◆ Exercise:
Print, exactly as they stand, the lines below from the one that has "October 18, 2014." to the one that has "Шина для навесов L=2м (1,5мм) РБ 80947", inclusive, leaving out the pictures.

** Provided data follows **

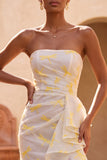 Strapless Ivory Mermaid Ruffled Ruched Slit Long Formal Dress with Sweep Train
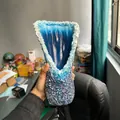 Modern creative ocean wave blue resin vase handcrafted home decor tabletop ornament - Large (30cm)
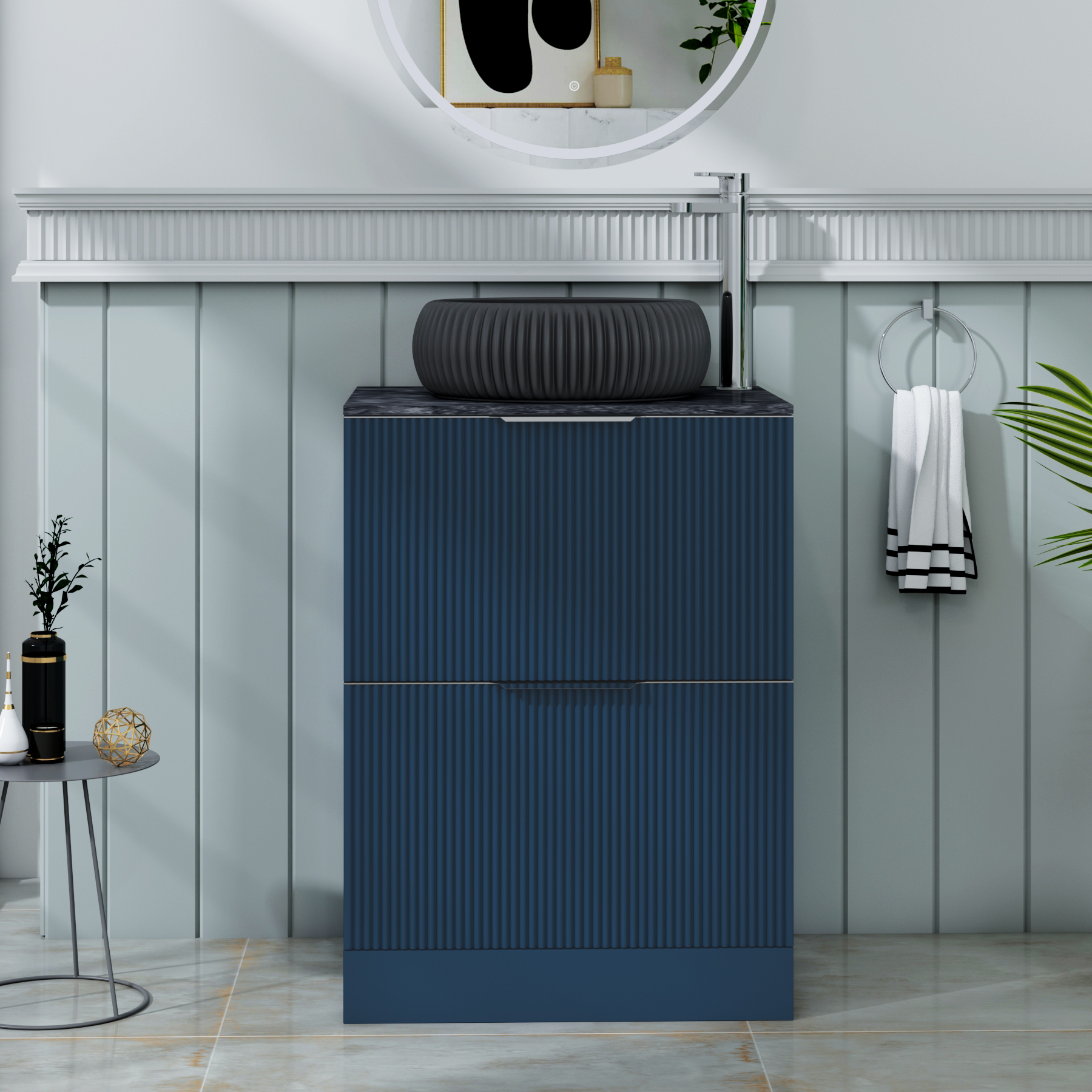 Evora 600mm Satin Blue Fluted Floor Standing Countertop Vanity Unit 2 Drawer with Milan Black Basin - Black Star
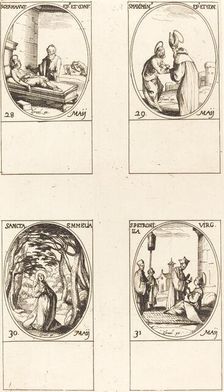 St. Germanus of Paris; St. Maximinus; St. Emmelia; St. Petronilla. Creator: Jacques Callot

** End of Provided data **
** Provided data follows **

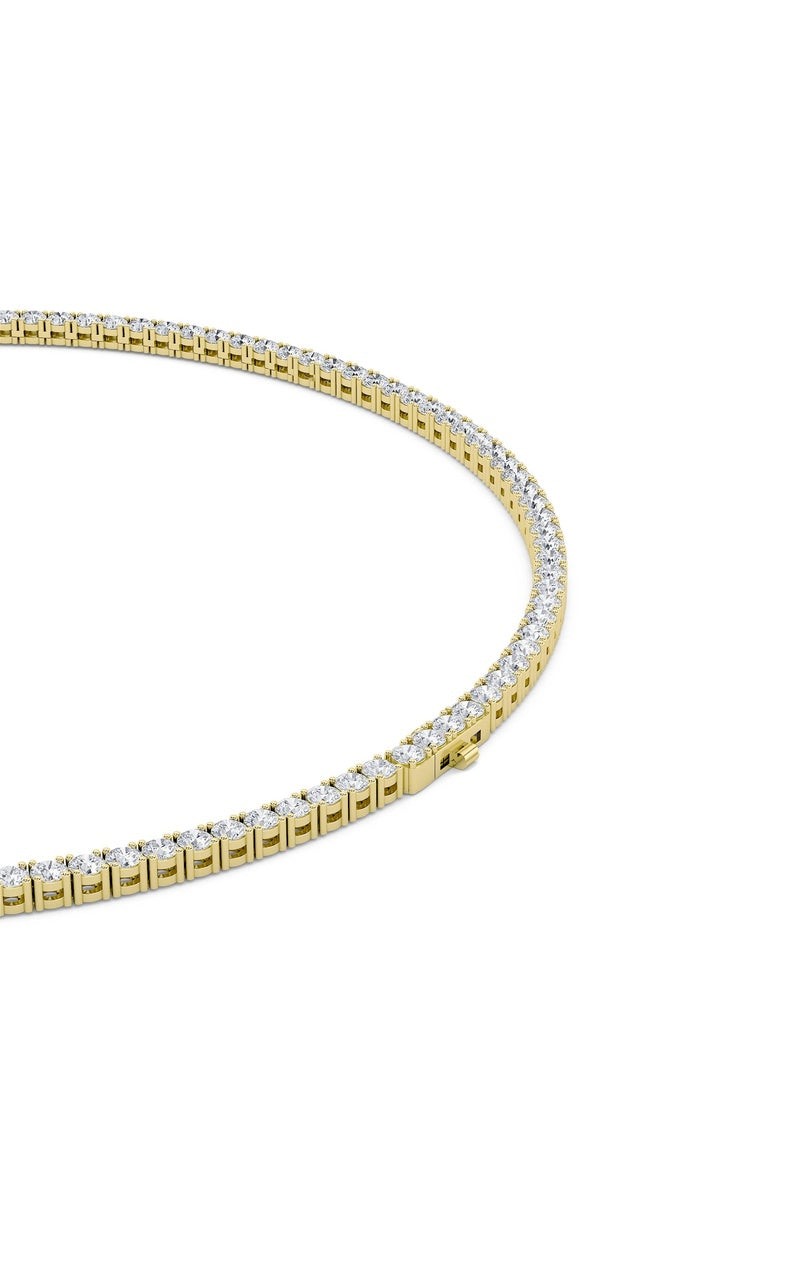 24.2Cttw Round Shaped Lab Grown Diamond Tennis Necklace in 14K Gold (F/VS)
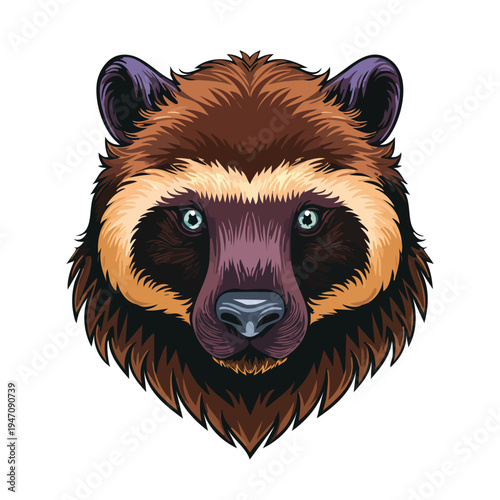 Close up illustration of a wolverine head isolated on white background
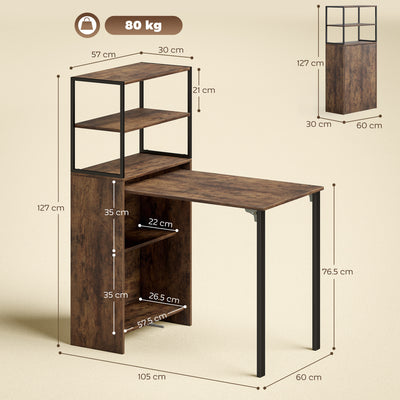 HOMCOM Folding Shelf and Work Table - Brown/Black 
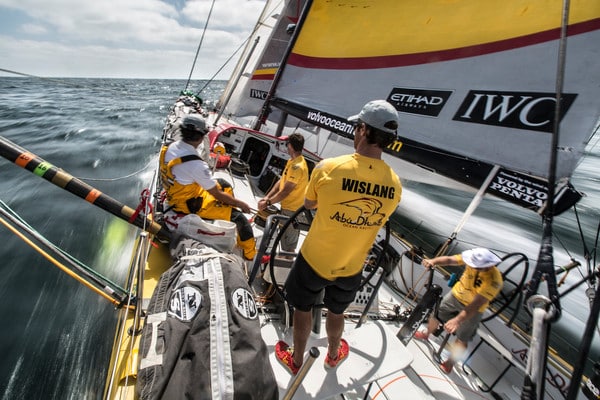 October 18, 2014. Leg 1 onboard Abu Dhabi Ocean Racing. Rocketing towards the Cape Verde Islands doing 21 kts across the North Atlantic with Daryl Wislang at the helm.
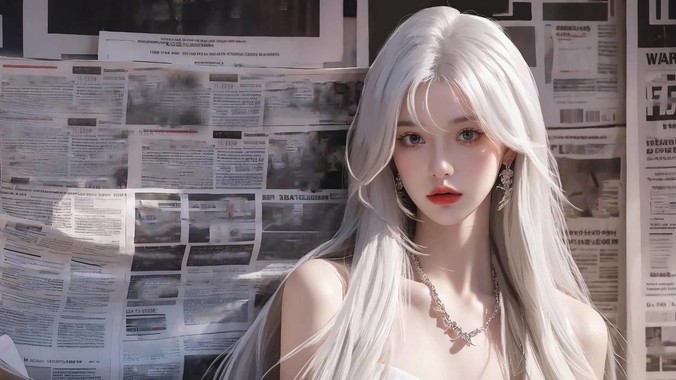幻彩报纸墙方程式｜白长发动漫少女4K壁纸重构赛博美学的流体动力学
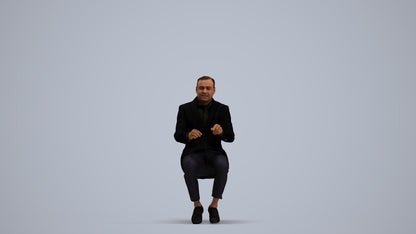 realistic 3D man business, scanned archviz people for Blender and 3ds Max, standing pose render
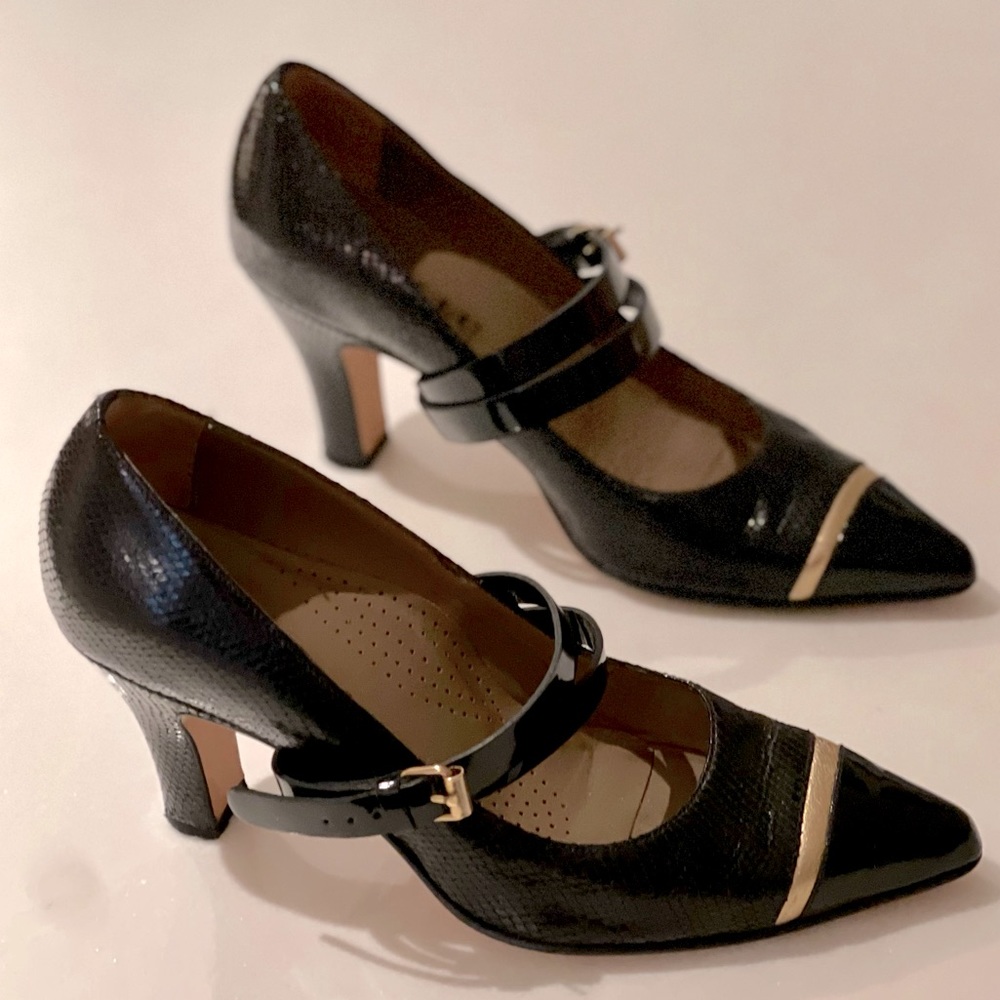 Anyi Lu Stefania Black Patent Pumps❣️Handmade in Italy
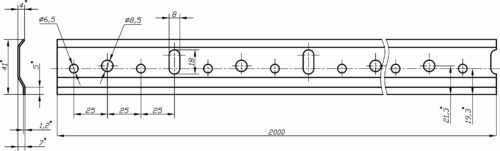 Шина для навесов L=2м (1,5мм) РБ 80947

** End of Provided data **

◆ Solved exercise:
 October 18, 2014. Leg 1 onboard Abu Dhabi Ocean Racing. Rocketing towards the Cape Verde Islands doing 21 kts across the North Atlantic with Daryl Wislang at the helm.
幻彩报纸墙方程式｜白长发动漫少女4K壁纸重构赛博美学的流体动力学
 realistic 3D man business, scanned archviz people for Blender and 3ds Max, standing pose render
 Anyi Lu Stefania Black Patent Pumps❣️Handmade in Italy
 Шина для навесов L=2м (1,5мм) РБ 80947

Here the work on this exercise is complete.